> Task input:
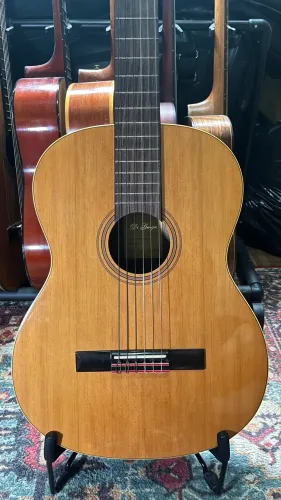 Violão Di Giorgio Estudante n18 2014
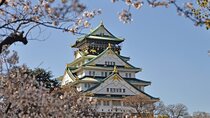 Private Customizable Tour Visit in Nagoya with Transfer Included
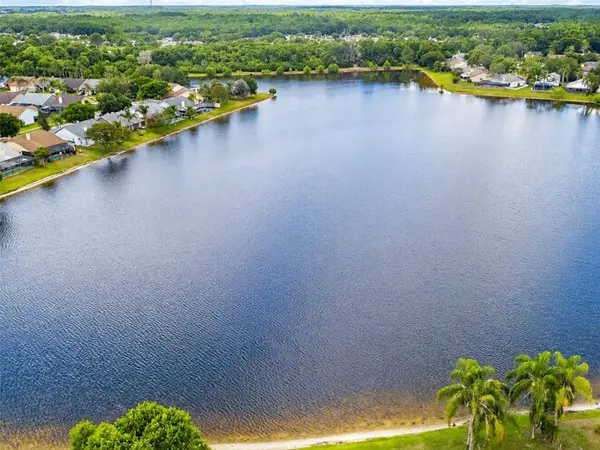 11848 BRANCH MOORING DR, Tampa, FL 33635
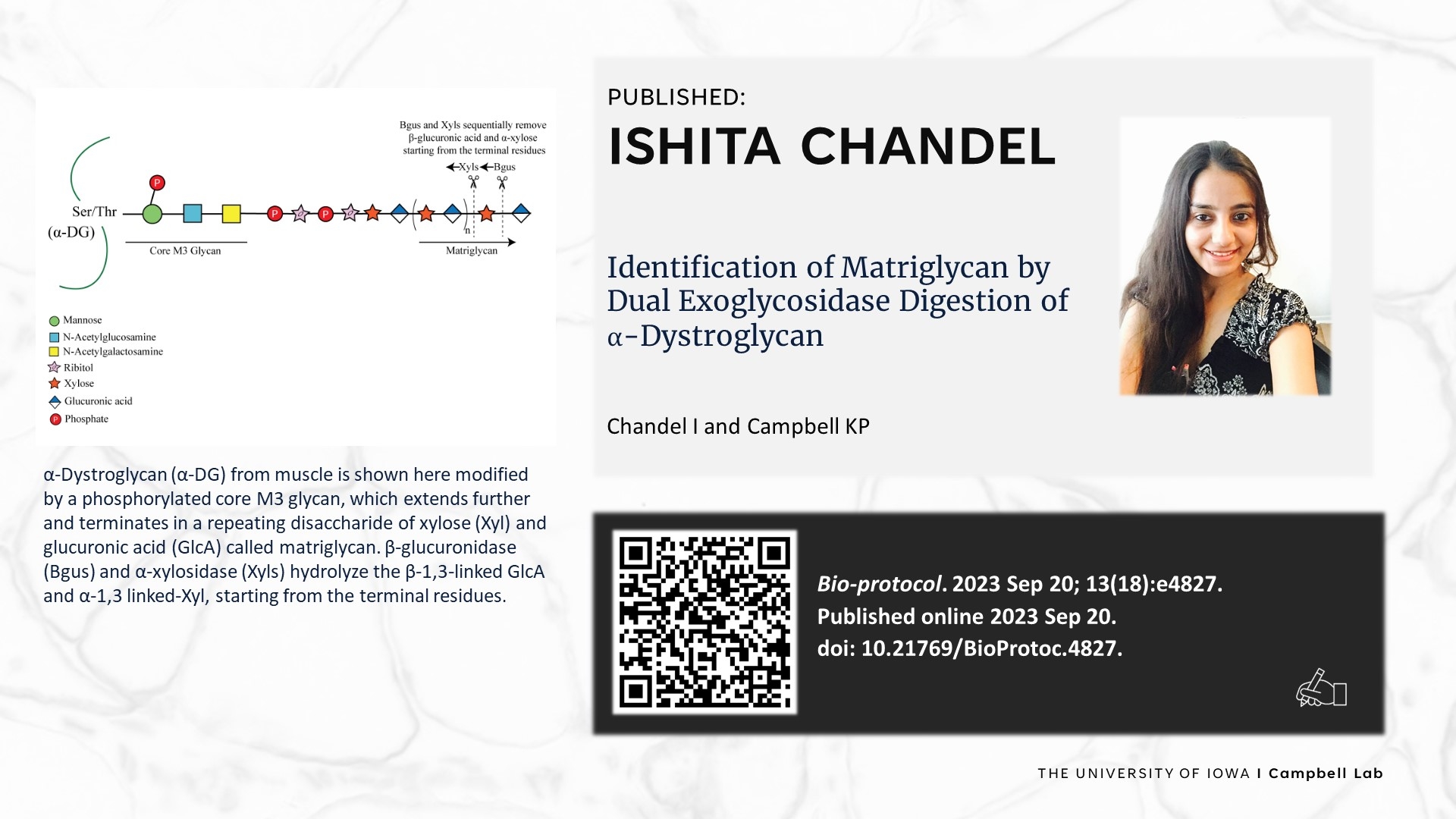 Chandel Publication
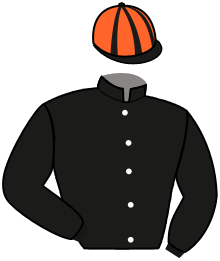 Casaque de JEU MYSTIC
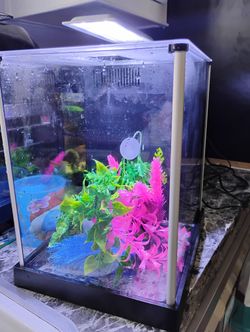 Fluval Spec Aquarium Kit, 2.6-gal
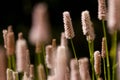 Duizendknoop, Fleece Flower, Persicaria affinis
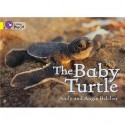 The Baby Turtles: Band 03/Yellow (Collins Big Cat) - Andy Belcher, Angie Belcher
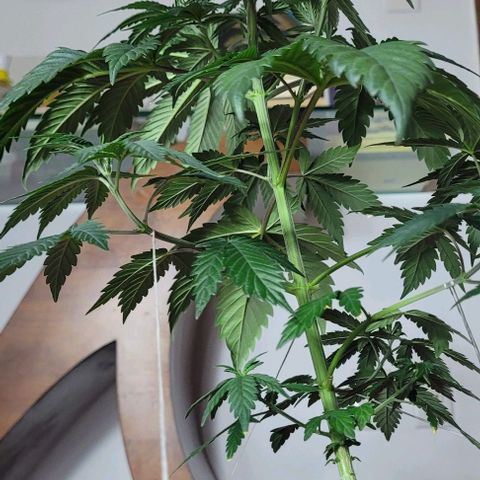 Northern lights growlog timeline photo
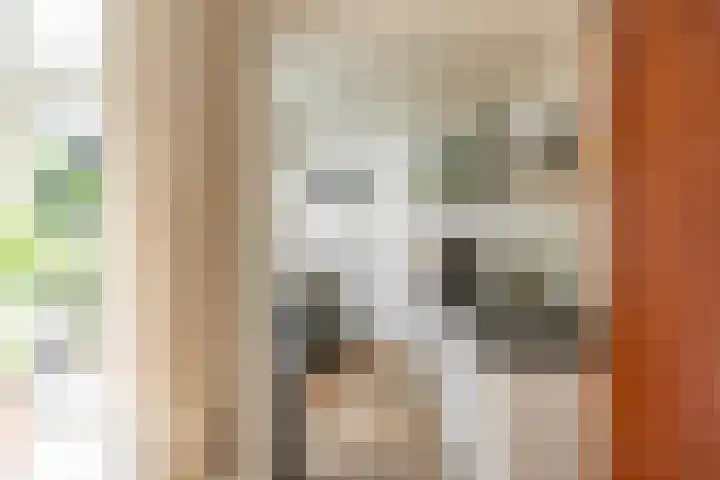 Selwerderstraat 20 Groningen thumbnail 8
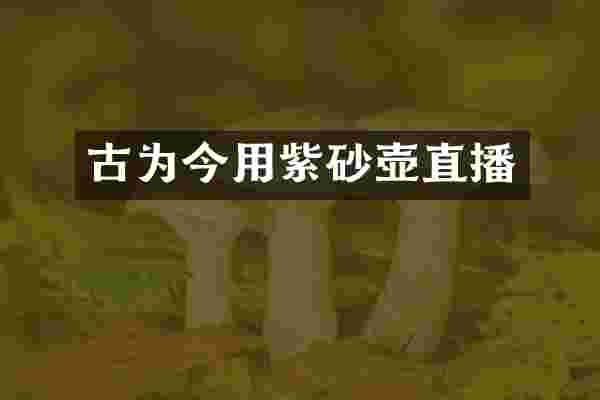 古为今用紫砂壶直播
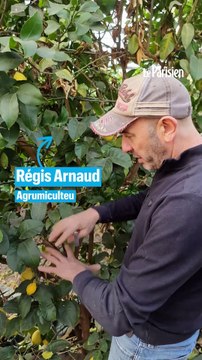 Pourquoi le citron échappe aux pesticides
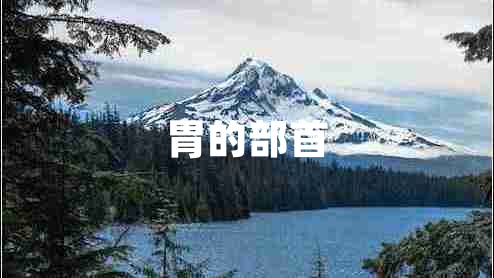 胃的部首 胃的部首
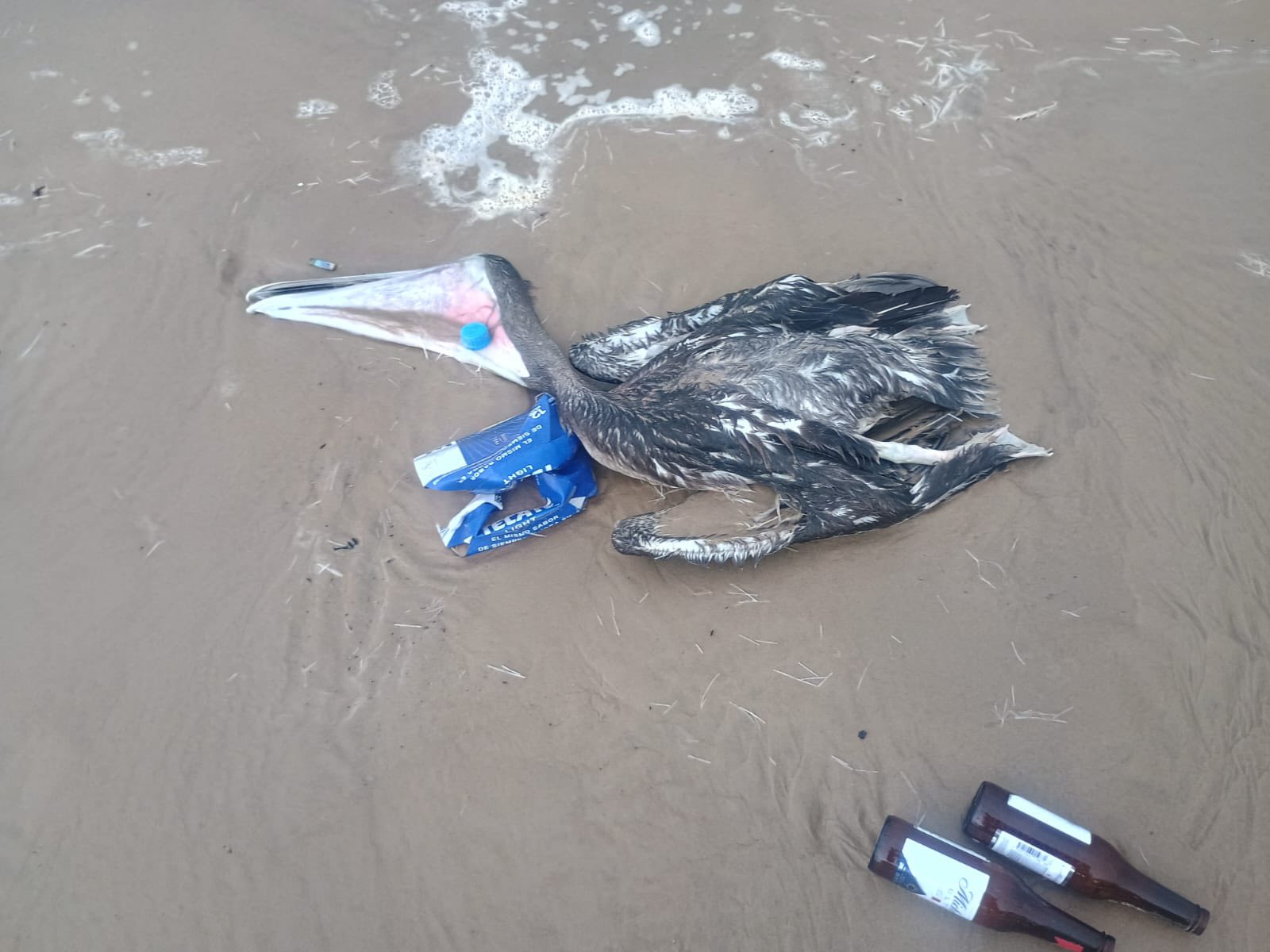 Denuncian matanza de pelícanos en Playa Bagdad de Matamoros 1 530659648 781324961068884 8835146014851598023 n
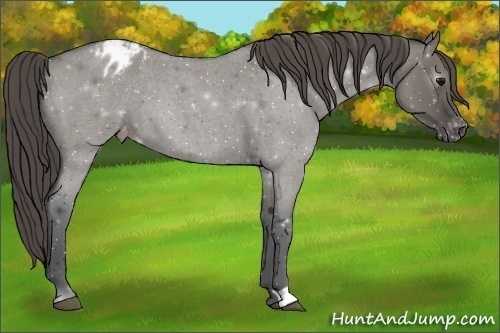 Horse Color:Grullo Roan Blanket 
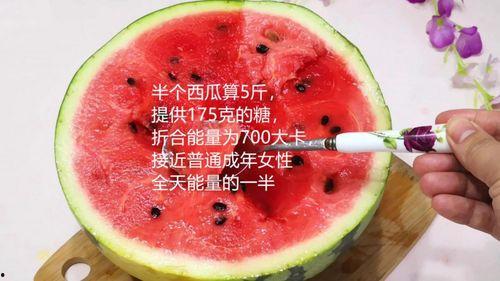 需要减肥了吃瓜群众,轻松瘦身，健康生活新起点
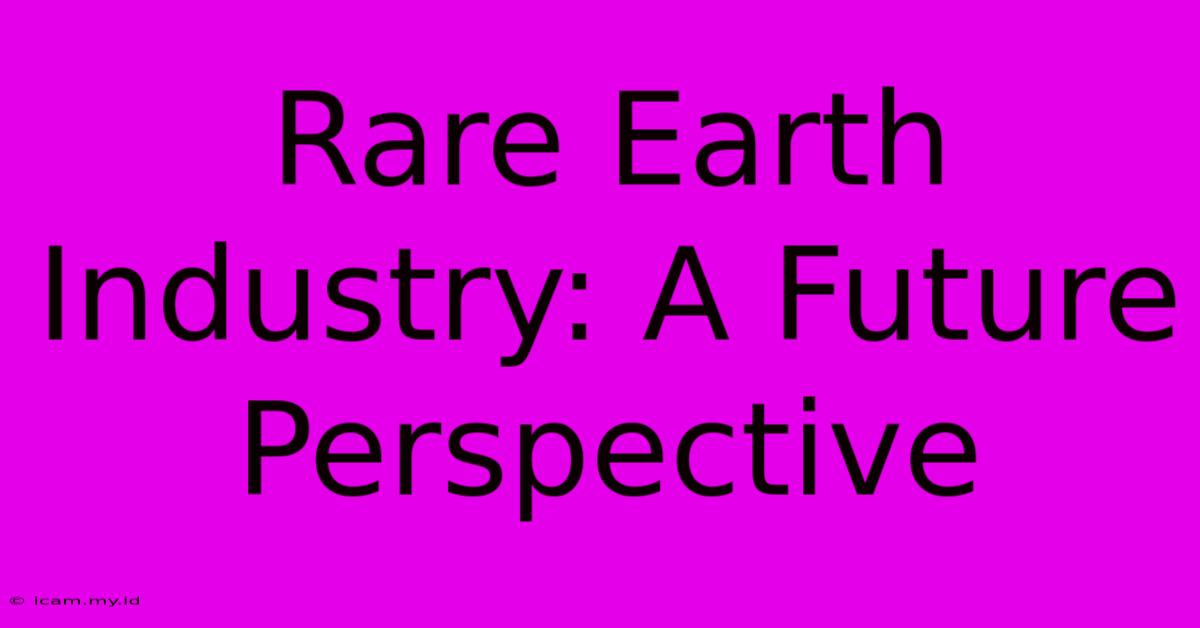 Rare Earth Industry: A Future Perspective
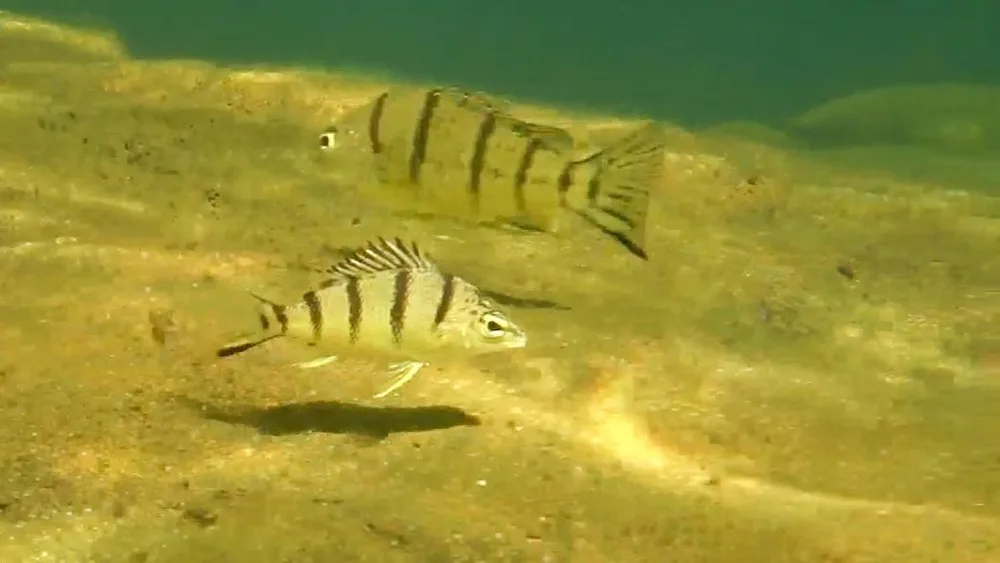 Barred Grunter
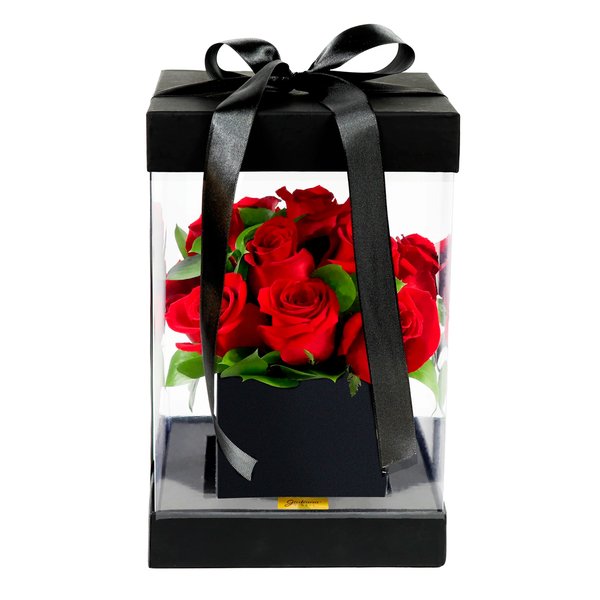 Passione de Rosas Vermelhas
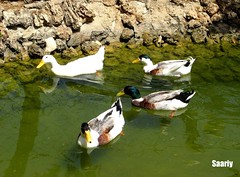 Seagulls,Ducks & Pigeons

> Work instruction: Pictures excluded, repeat the records exactly from their opening line through the line containing "Rare Earth Industry: A Future Perspective".

> Result:
 Violão Di Giorgio Estudante n18 2014
 Private Customizable Tour Visit in Nagoya with Transfer Included
 11848 BRANCH MOORING DR, Tampa, FL 33635
 Chandel Publication
 Casaque de JEU MYSTIC
 Fluval Spec Aquarium Kit, 2.6-gal
 Duizendknoop, Fleece Flower, Persicaria affinis
 The Baby Turtles: Band 03/Yellow (Collins Big Cat) - Andy Belcher, Angie Belcher
 Northern lights growlog timeline photo
 Selwerderstraat 20 Groningen thumbnail 8
 古为今用紫砂壶直播
 Pourquoi le citron échappe aux pesticides
 胃的部首 胃的部首
 Denuncian matanza de pelícanos en Playa Bagdad de Matamoros 1 530659648 781324961068884 8835146014851598023 n
 Horse Color:Grullo Roan Blanket 
 需要减肥了吃瓜群众,轻松瘦身，健康生活新起点
 Rare Earth Industry: A Future Perspective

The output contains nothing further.